The listing below must be repeated word for word, without its pictures.

(Beginning of Exercise data)

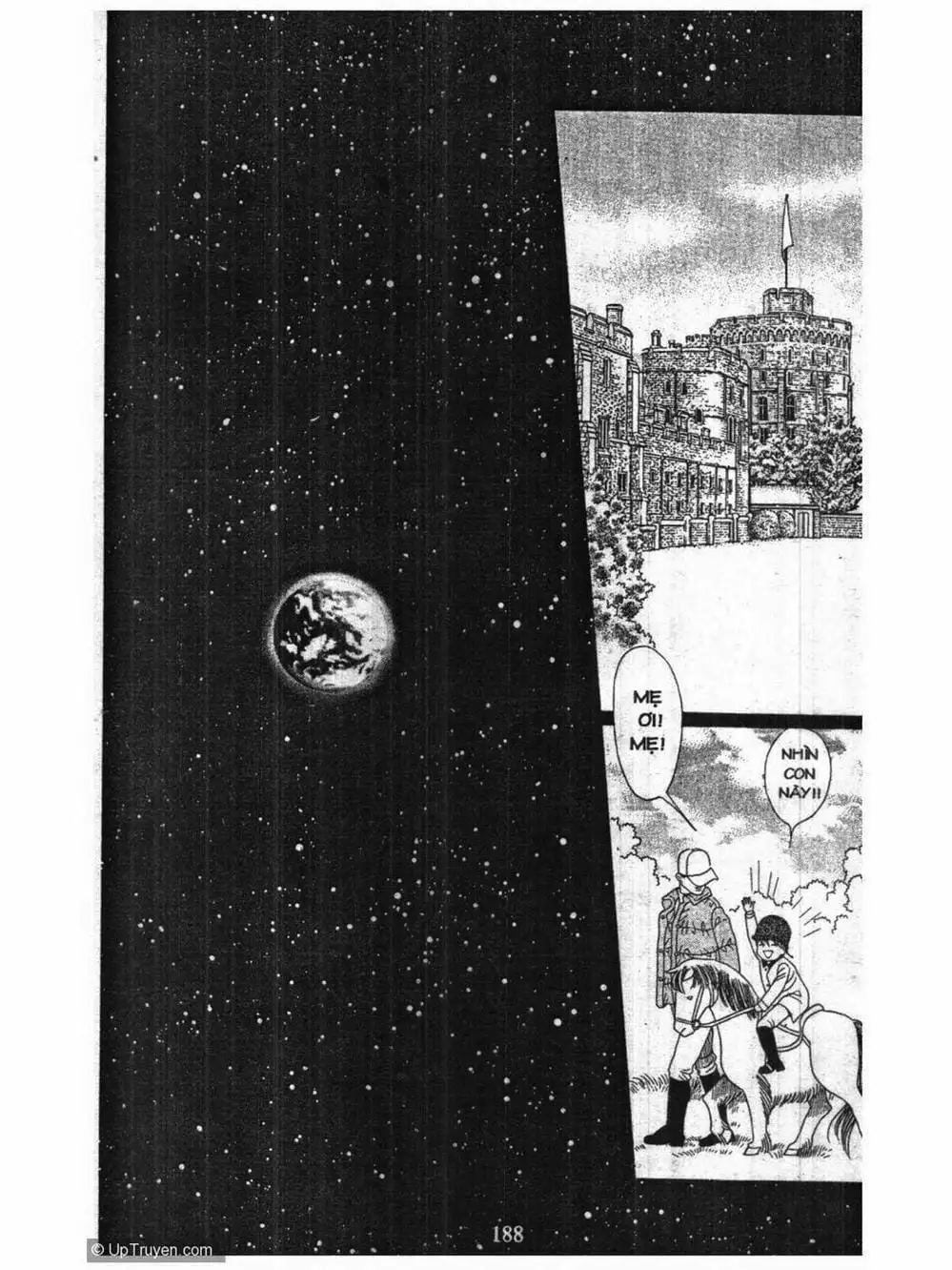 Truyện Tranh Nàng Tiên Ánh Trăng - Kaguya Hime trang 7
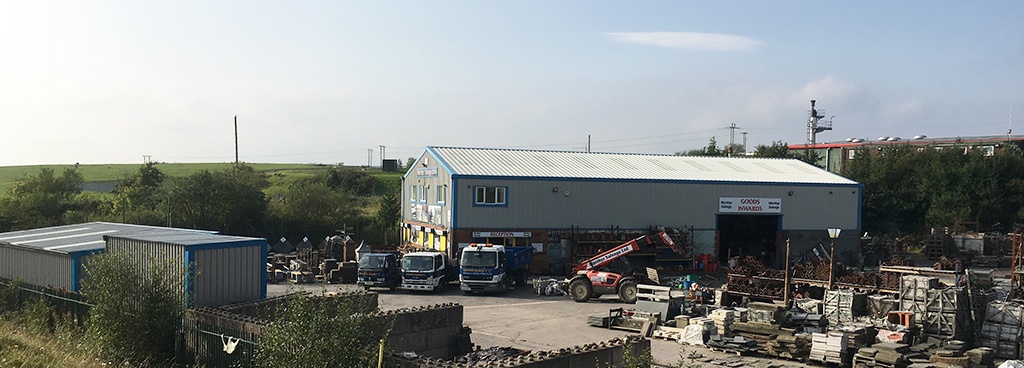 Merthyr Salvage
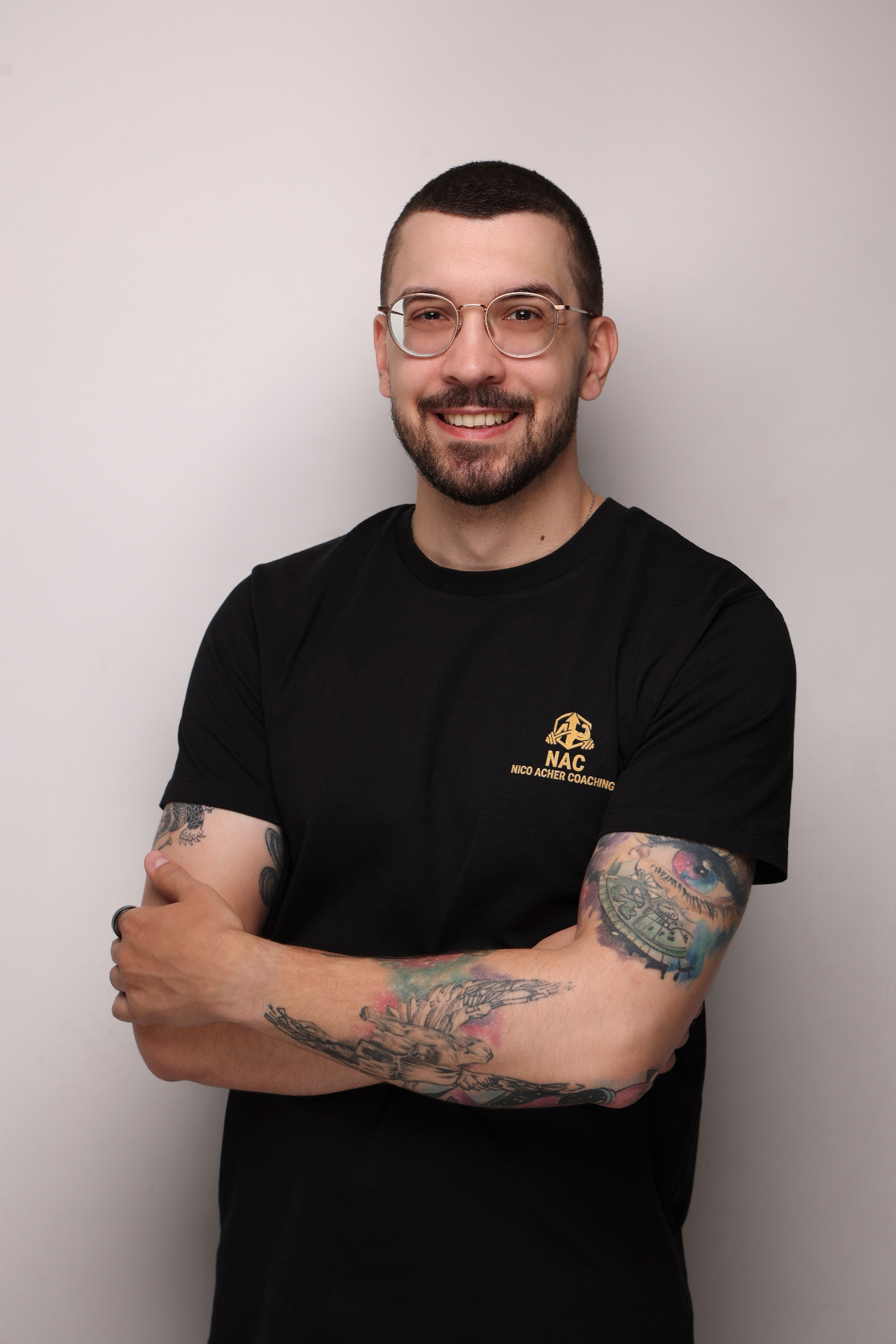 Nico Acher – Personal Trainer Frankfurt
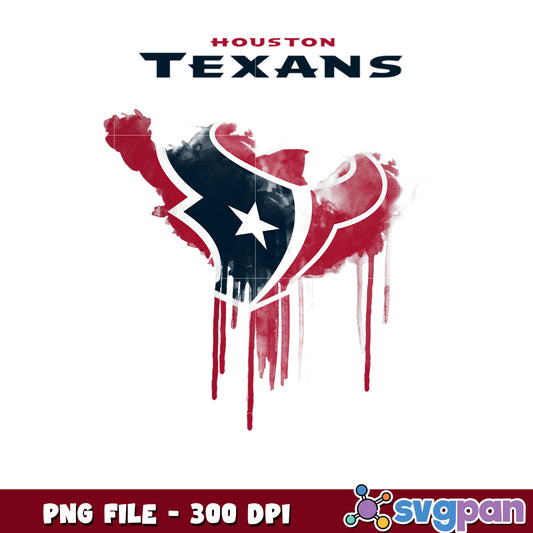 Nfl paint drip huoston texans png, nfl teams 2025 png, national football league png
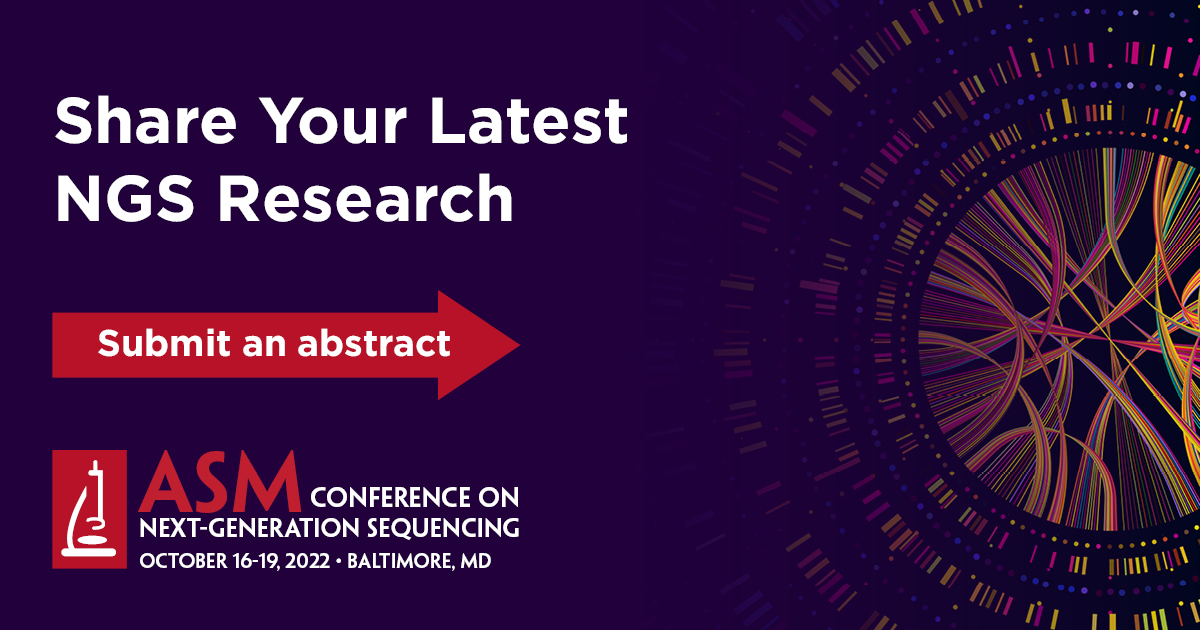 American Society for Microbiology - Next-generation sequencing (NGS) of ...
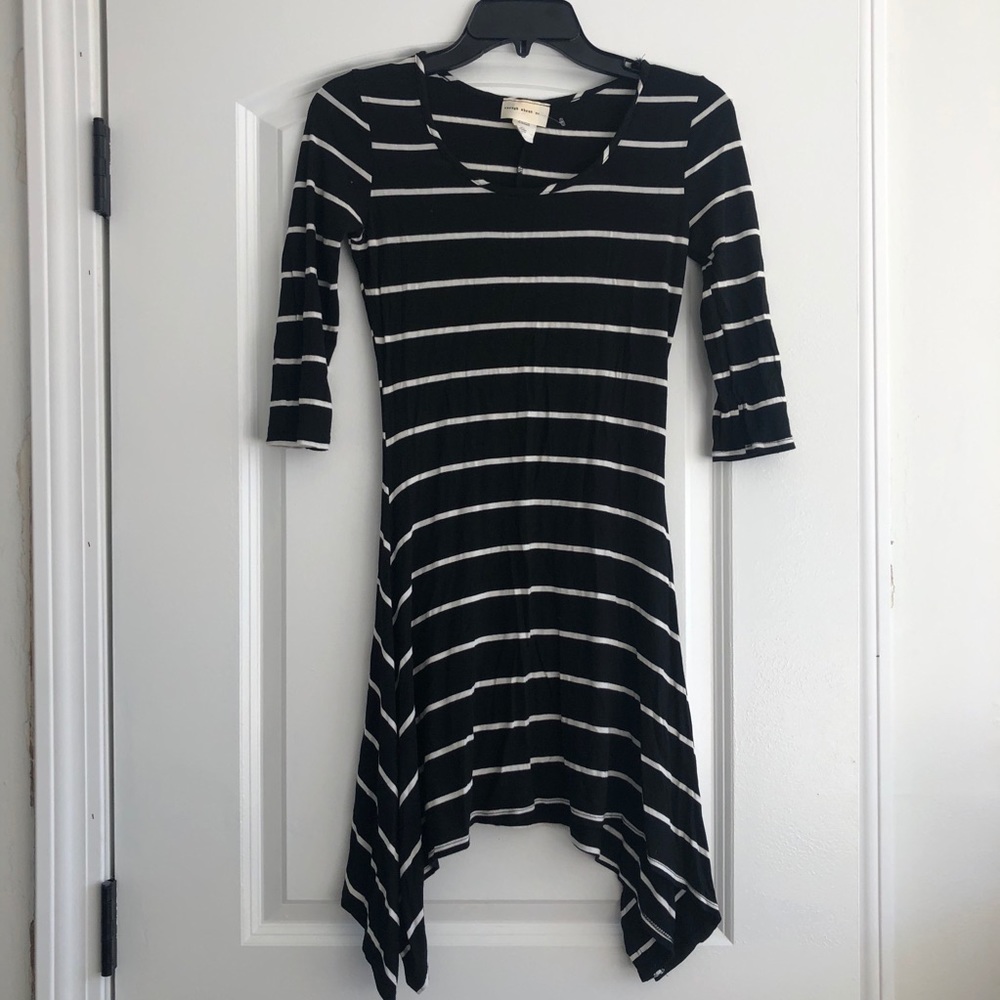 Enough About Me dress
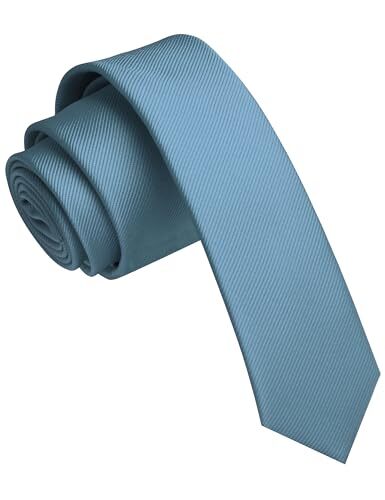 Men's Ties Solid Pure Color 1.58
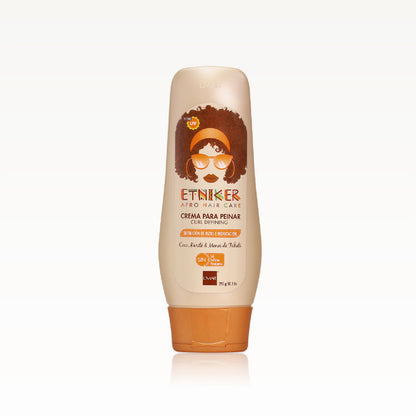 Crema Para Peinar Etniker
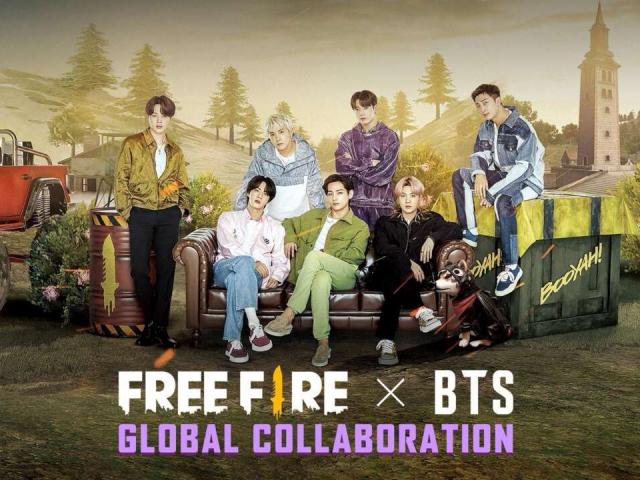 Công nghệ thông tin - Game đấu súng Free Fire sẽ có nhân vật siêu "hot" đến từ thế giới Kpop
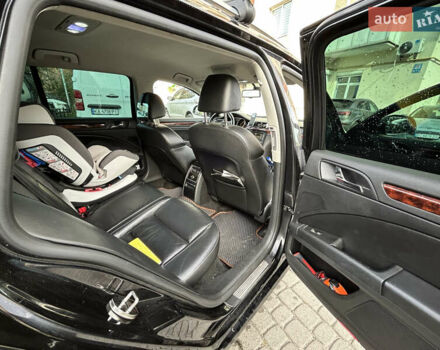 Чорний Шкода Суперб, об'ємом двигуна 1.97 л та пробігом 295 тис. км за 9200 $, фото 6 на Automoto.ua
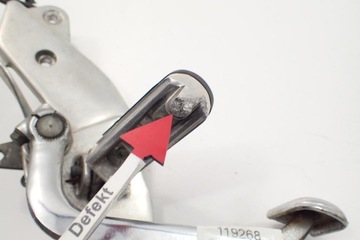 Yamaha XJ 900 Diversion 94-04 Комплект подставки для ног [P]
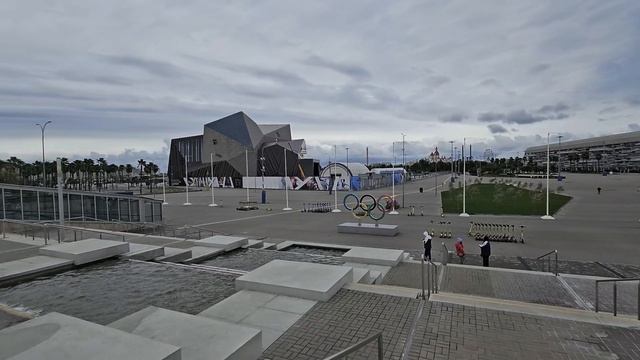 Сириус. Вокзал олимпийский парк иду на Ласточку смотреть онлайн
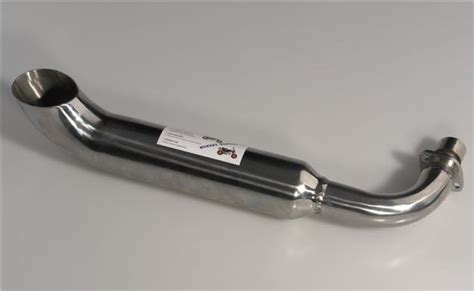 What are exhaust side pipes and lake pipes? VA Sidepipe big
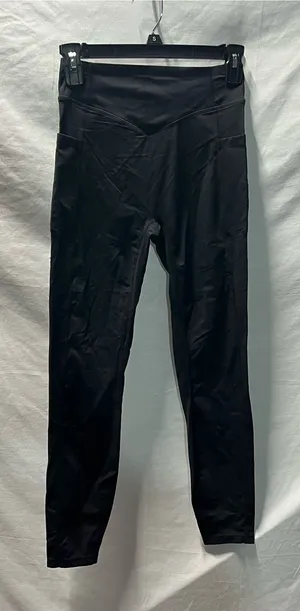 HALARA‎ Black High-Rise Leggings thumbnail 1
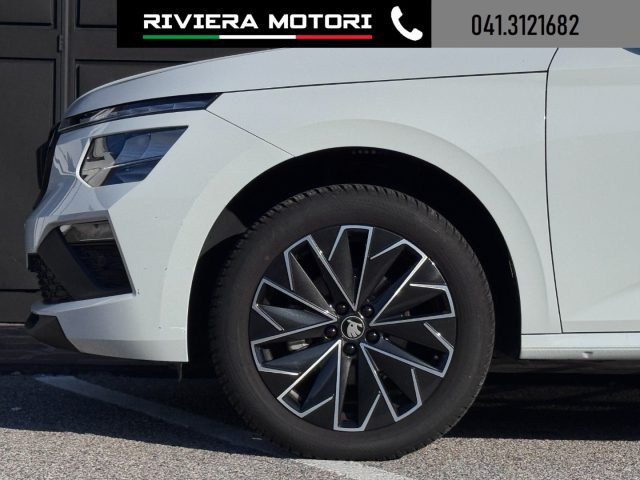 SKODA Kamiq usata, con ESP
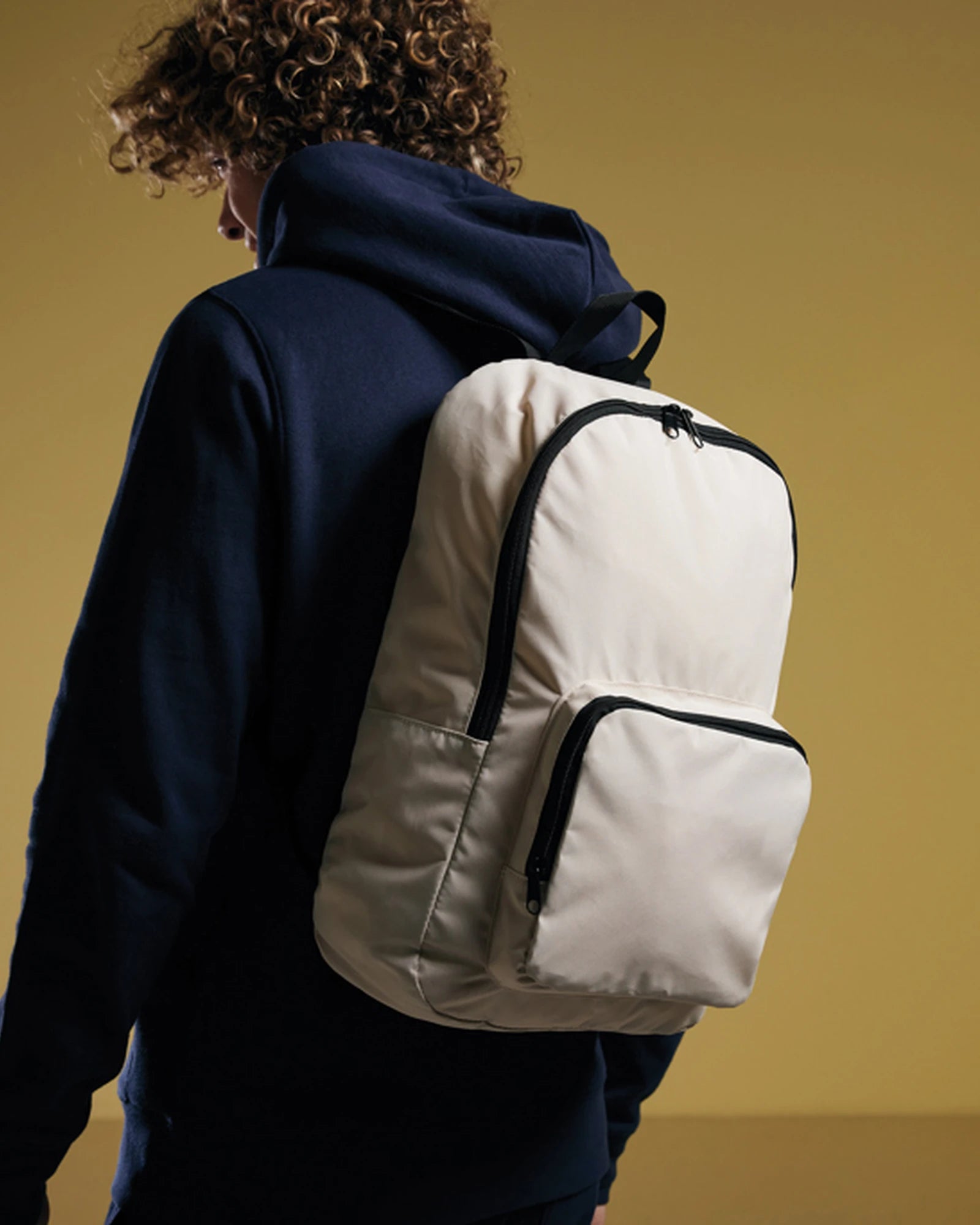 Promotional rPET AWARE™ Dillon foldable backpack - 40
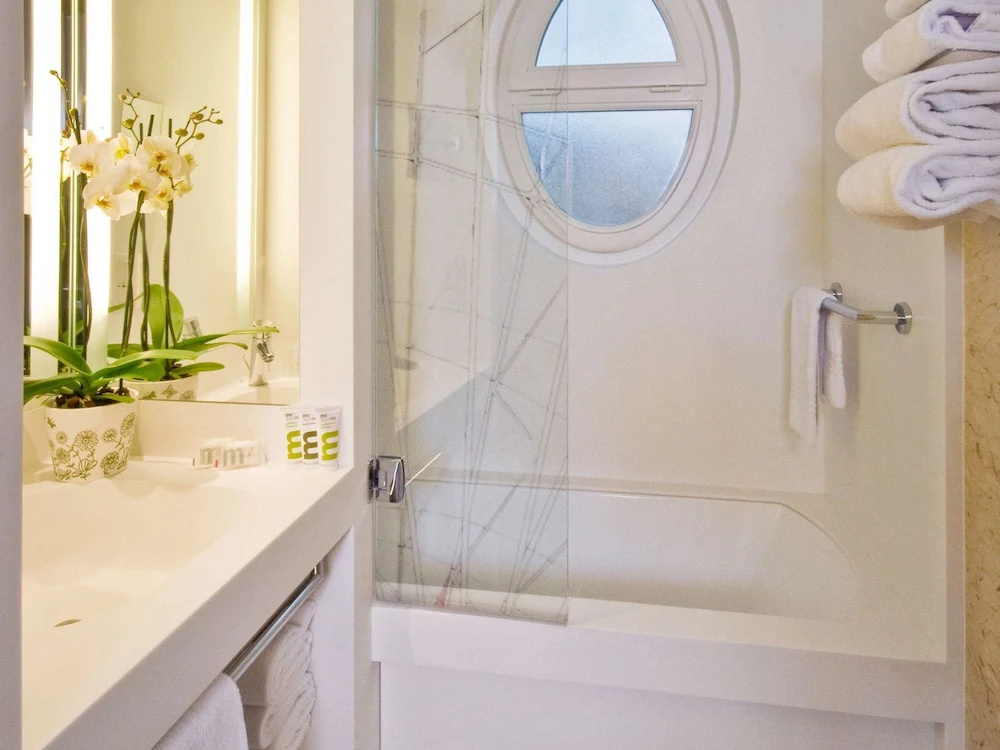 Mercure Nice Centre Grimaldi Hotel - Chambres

(End of Exercise data)

Solution to this exercise ▸
 Truyện Tranh Nàng Tiên Ánh Trăng - Kaguya Hime trang 7
 Merthyr Salvage
 Nico Acher – Personal Trainer Frankfurt
 Nfl paint drip huoston texans png, nfl teams 2025 png, national football league png
 American Society for Microbiology - Next-generation sequencing (NGS) of ...
 Enough About Me dress
 Men's Ties Solid Pure Color 1.58
 Crema Para Peinar Etniker
 Công nghệ thông tin - Game đấu súng Free Fire sẽ có nhân vật siêu "hot" đến từ thế giới Kpop
 Чорний Шкода Суперб, об'ємом двигуна 1.97 л та пробігом 295 тис. км за 9200 $, фото 6 на Automoto.ua
 Yamaha XJ 900 Diversion 94-04 Комплект подставки для ног [P]
 Сириус. Вокзал олимпийский парк иду на Ласточку смотреть онлайн
 What are exhaust side pipes and lake pipes? VA Sidepipe big
 HALARA‎ Black High-Rise Leggings thumbnail 1
 SKODA Kamiq usata, con ESP
 Promotional rPET AWARE™ Dillon foldable backpack - 40
 Mercure Nice Centre Grimaldi Hotel - Chambres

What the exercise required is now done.